# Winter layout questions



## zoro (Feb 8, 2010)

I have a decent sized outdoor layout which sees alot of use during the summer but I would like to try running it year round. We usually put everything away when the snow hits every fall. I have seen alot of stuff online about rotary type plows and spreaders and flangers and traditional plows. I feel that I could make any of them work but I am wondering what is a good diesel type locomotive that is heavy, has great power and will be able to handle the riggors of snow, ice and moisture? Ideally I would like to run on track power without stringing a line for a pantograph.

What do you guys recommend?

Thanks!


----------



## pimanjc (Jan 2, 2008)

You might consider an Aristo plow car [with brick inside] pushed by a pair of Dash-9s, SD45s, F3s, FAs, or even a Mikado, depending on your minimum turn diameters.
JimC.


----------



## Dan Pierce (Jan 2, 2008)

A single dash 9 or Sd45 can push the Aristo plow for powder type snow. It takes a pair for heavy/crusty snow. 

Also, keep the equipment cold, not at room temperature when using/storing them for minimal sweating of moisture. 

I keep mine in my bulkhead and they are stored at 40 degrees. 

Warm wheels will melt snow and the rails will ice up instantly, thus creating insulated track!!! 

Battery users will not care about rail icing.


----------



## Steve Stockham (Jan 2, 2008)

_Au contrair mon a mi!! _Ice on the rails screws us up just as badly but for different reasons! You can't even plow fluffy powder when your wheels do nothing but spin on icy rails!

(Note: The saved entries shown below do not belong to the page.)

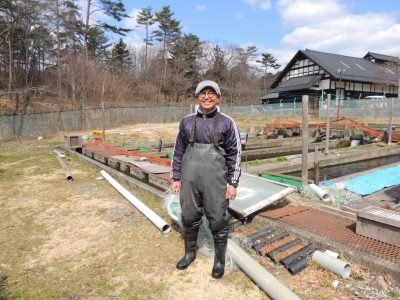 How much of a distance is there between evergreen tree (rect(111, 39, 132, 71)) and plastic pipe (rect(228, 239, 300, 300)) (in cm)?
3709

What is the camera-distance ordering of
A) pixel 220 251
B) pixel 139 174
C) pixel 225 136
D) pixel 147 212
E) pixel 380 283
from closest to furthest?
pixel 380 283 < pixel 225 136 < pixel 220 251 < pixel 147 212 < pixel 139 174

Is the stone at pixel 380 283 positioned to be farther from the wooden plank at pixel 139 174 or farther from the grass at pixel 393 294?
the wooden plank at pixel 139 174

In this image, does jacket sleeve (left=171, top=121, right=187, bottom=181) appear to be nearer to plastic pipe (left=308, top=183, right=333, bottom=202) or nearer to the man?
the man

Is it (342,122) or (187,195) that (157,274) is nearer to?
(187,195)

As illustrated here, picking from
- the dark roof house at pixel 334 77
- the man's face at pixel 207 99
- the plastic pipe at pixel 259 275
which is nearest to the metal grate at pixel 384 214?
the plastic pipe at pixel 259 275

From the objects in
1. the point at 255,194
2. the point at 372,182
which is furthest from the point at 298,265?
the point at 372,182

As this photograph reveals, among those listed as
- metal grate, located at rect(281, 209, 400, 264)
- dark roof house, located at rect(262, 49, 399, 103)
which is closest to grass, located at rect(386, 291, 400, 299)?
metal grate, located at rect(281, 209, 400, 264)

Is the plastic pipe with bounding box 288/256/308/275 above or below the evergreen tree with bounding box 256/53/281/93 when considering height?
below

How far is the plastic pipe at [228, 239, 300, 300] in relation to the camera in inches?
93.1

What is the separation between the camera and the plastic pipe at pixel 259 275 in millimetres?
2365

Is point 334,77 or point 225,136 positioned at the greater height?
point 334,77

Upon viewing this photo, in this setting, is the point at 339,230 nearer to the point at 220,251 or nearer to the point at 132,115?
the point at 220,251

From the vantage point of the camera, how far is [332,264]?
277 centimetres

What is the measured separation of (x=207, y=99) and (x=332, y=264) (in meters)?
1.82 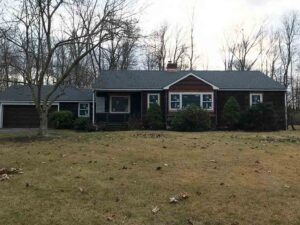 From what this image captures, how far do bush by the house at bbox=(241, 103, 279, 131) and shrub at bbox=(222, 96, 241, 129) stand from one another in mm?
1110

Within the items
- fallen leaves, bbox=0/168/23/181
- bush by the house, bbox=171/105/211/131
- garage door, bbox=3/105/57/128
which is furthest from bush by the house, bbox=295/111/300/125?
fallen leaves, bbox=0/168/23/181

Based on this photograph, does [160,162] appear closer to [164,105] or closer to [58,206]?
[58,206]

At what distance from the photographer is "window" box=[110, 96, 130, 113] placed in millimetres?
35812

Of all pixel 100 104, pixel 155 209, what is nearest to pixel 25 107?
pixel 100 104

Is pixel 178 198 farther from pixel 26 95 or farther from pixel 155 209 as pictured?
pixel 26 95

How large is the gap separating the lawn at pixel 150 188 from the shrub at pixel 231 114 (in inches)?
716

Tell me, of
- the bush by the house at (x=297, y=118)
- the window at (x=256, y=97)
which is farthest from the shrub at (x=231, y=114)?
the bush by the house at (x=297, y=118)

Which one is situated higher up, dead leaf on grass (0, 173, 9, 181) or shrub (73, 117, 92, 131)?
shrub (73, 117, 92, 131)

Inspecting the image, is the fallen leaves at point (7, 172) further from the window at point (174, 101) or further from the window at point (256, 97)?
the window at point (256, 97)

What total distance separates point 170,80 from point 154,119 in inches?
195

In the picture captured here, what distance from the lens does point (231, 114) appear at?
33156mm

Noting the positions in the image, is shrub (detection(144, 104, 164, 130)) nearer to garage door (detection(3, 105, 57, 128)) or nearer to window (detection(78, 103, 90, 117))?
window (detection(78, 103, 90, 117))

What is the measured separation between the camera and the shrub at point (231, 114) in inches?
1296

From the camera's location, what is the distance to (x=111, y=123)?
34656 millimetres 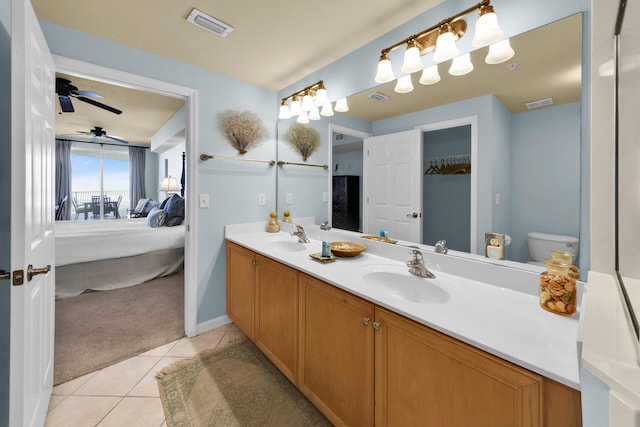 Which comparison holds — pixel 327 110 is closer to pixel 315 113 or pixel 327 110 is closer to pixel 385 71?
pixel 315 113

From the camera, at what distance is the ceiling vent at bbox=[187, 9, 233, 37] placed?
1.54m

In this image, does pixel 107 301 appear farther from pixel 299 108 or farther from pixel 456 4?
pixel 456 4

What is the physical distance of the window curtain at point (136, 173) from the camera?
6.95m

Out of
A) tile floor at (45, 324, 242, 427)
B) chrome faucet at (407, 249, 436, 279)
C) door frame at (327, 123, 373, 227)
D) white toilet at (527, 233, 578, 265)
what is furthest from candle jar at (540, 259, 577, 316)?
tile floor at (45, 324, 242, 427)

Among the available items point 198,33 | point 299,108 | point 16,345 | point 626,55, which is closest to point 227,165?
point 299,108

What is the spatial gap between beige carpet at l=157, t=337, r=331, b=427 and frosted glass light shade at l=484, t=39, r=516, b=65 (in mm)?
1978

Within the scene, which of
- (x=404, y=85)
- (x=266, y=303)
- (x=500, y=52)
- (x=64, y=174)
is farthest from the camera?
(x=64, y=174)

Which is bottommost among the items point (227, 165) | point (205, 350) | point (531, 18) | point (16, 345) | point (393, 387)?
point (205, 350)

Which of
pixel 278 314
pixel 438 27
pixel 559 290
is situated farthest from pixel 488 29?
pixel 278 314

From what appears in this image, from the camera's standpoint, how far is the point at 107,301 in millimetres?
2873

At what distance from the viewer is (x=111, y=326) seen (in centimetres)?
236

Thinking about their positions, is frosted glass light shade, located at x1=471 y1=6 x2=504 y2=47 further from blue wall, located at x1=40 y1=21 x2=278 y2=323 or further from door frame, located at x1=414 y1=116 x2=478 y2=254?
blue wall, located at x1=40 y1=21 x2=278 y2=323

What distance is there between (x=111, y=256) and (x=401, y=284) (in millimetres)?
3528

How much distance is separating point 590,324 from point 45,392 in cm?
220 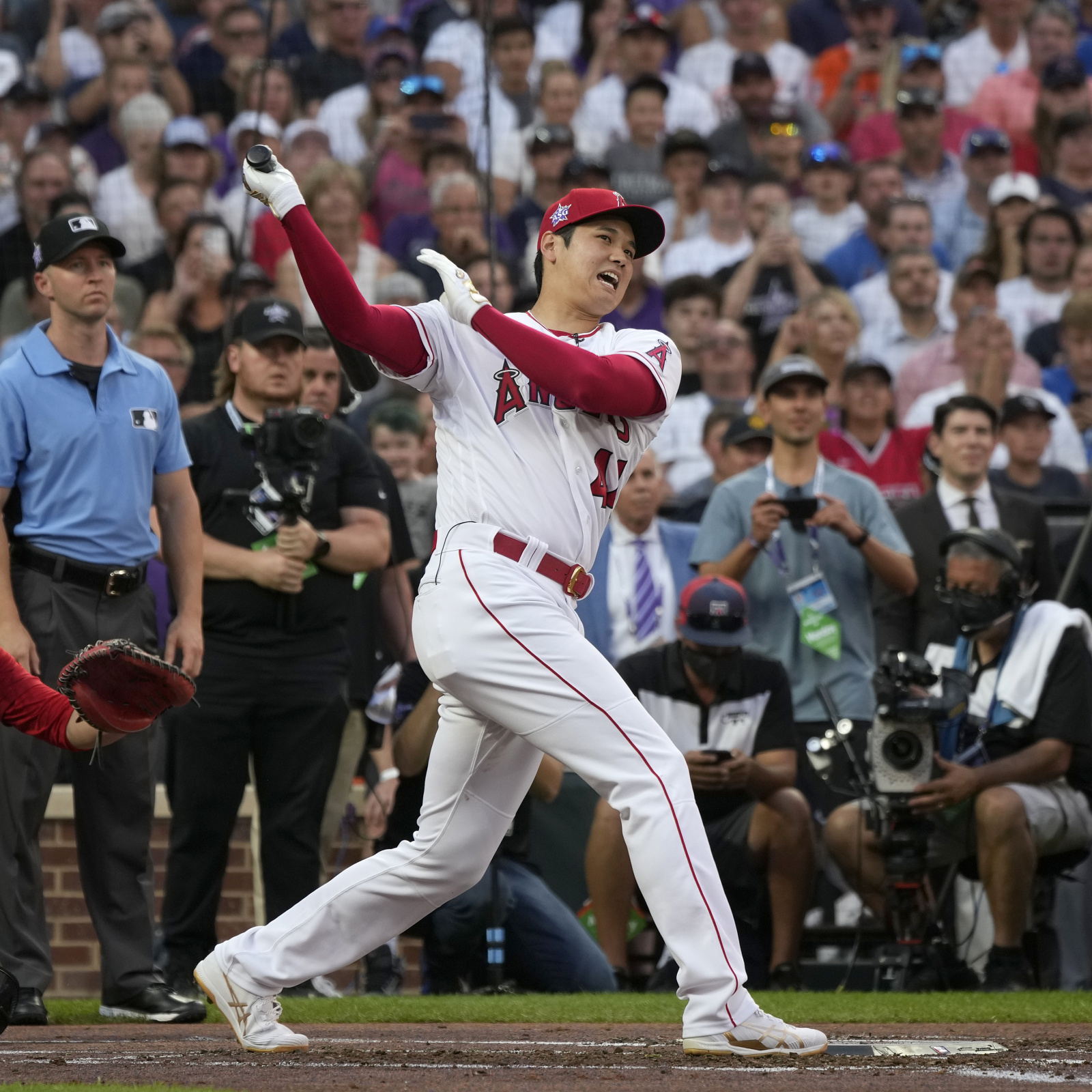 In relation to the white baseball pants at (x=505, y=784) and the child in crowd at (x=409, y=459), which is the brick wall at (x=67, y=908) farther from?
the white baseball pants at (x=505, y=784)

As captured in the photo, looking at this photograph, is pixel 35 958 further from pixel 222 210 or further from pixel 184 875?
pixel 222 210

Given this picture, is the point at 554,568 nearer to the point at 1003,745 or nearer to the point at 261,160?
the point at 261,160

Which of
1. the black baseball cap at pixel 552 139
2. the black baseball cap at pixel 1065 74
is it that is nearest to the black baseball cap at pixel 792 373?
the black baseball cap at pixel 552 139

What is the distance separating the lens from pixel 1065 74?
12.2 metres

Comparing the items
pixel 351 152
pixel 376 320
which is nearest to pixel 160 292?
pixel 351 152

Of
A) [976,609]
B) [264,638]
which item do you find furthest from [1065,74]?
[264,638]

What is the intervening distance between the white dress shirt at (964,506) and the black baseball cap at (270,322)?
114 inches

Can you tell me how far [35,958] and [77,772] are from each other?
0.57m

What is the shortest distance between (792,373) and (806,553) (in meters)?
0.76

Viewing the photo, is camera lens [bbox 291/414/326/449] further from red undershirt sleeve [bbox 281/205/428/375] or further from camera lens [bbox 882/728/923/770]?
camera lens [bbox 882/728/923/770]

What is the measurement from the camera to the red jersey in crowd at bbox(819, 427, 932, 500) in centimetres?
901

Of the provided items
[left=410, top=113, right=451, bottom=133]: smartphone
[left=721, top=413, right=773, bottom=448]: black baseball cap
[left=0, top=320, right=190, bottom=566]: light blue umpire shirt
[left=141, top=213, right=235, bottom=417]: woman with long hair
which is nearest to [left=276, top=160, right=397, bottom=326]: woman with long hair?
[left=141, top=213, right=235, bottom=417]: woman with long hair

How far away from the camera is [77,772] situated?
5.68m

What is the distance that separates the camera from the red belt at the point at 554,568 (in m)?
4.27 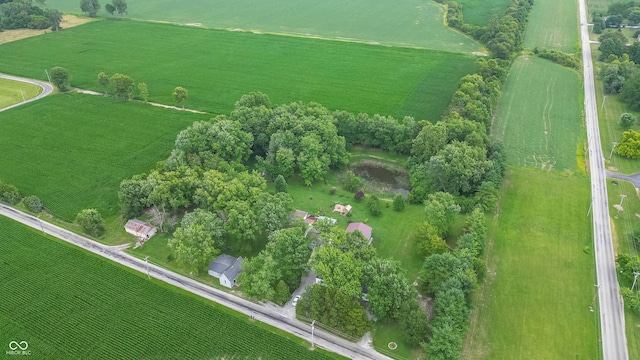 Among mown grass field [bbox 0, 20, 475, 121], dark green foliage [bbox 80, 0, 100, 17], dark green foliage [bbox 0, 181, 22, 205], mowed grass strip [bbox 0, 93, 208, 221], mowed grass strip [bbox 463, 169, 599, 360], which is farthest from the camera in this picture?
dark green foliage [bbox 80, 0, 100, 17]

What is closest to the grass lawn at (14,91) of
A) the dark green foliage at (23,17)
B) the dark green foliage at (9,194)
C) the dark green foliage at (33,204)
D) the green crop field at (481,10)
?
the dark green foliage at (9,194)

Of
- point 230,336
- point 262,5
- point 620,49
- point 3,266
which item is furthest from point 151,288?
point 262,5

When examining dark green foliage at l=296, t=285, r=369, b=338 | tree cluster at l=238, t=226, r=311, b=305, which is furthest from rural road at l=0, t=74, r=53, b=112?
dark green foliage at l=296, t=285, r=369, b=338

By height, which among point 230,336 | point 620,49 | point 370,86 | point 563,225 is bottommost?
point 230,336

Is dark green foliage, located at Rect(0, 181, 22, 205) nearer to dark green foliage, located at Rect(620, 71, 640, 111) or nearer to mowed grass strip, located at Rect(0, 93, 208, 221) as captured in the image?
mowed grass strip, located at Rect(0, 93, 208, 221)

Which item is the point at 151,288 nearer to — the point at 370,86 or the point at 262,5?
the point at 370,86

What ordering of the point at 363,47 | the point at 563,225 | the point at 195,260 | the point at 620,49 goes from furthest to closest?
the point at 363,47 < the point at 620,49 < the point at 563,225 < the point at 195,260

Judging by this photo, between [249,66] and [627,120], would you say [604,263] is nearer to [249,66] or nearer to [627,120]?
[627,120] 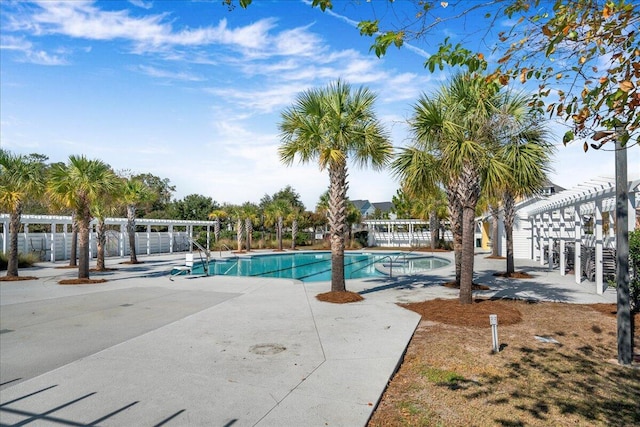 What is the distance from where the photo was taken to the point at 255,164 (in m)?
22.8

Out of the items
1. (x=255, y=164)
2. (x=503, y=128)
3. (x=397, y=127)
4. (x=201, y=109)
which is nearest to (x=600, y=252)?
(x=503, y=128)

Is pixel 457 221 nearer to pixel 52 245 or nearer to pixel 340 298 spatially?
pixel 340 298

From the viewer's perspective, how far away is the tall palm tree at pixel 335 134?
10.3 metres

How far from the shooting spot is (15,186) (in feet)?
48.6

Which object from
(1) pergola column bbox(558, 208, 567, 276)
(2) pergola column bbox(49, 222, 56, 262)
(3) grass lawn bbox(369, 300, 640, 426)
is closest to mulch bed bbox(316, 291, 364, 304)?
(3) grass lawn bbox(369, 300, 640, 426)

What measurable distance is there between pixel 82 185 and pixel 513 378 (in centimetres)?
1448

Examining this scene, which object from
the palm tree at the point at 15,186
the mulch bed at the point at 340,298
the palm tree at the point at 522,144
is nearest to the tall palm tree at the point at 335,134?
the mulch bed at the point at 340,298

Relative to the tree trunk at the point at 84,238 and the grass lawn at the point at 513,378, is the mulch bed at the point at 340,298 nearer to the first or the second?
the grass lawn at the point at 513,378

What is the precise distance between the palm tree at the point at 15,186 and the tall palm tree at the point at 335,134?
10.9 meters

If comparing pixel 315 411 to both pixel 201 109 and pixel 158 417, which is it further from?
pixel 201 109

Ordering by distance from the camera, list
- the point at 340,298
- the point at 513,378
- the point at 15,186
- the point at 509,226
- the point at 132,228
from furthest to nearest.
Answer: the point at 132,228, the point at 509,226, the point at 15,186, the point at 340,298, the point at 513,378

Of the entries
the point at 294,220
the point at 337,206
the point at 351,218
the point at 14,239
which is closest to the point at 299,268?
the point at 337,206

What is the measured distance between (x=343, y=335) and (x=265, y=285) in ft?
23.9

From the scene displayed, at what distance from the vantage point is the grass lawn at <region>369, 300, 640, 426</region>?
4.02m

That great advice about letting your engine get cold before you set it on the rails should_ never _be ignored even if you aren't running track power! (Don't ask me how I learned that...)


----------



## chuck n (Jan 2, 2008)

Wedge plows and rotaries will work well in snow depths of about 2" or less. Deeper than that you may have some problems and need several engines. I strongly recommend using a plastic back country shovel (available at most outdoor recreation stores) to remove the snow when your plows don't work. A steel shovel will scratch the rails and will cause damage to any items that are buried in the snow near the track, such as signals and switch stands. Like Steve, don't ask me how I learned this lesson.

Running in the winter is a lot of fun. There are a lot of suggestions in previous threads about winter operations.

Chuck 


Here are a couple of links to winter operation.

K-27 plowing 

winter operations 

My rotary in operation. All plows work much better in dry powdery snow. Heavy wet snow generally requires a shovel.


----------



## aceinspp (Jan 2, 2008)

I would run two SD45s with the plow just for looks and may be cause you made need them also. I'll Tell you one thing you get Ice on the rail and your train is not going now where as you loose dialectical contact by the wheels riding up on the ice. The locos will not break the ice up. This happened to me a couple of weeks ago as we got some freezing rail then a light snow. I had left the plow and locos in the tunnel and went out side the next morning to plow. Once out side the tunnel everything stopped dead no power due to ice build up on rail. Later RJD


----------



## Randy Stone (Jan 2, 2008)

Now that's a Snow Blower. 

Must have a 5 hp Briggs powering it. 

Randy


----------



## chuck n (Jan 2, 2008)

Randy:

It is powered by a 6v jel cell. 











If there is any snow on the rails and the rails are below freezing the weight of the engine will cause the snow to melt and then it will refreeze after the engine goes by. You will usually go around once and then you loose traction and electricity. I have used a credit card to scrape off the thin film of ice on top of the rails. This usually requires calling in for a new card afterward. 


Chuck


----------



## Steve Stockham (Jan 2, 2008)

I'd keep a couple of those old gift cards from Christmas after you have spent them and use them instead of your credit card. It would save the hassle!


----------



## nkelsey (Jan 4, 2008)

Also, cover any turnouts or set them for the direction you need before it snows. Otherwise the throws freeze in place and you cannot switch the points.


----------



## zoro (Feb 8, 2010)

Great ideas guys! I especially like that rotary. Lemme guess, D&RGW+snow must mean you're from Colorado, right? They have an awesome layout at the museum in Golden but when I was there it was not running. 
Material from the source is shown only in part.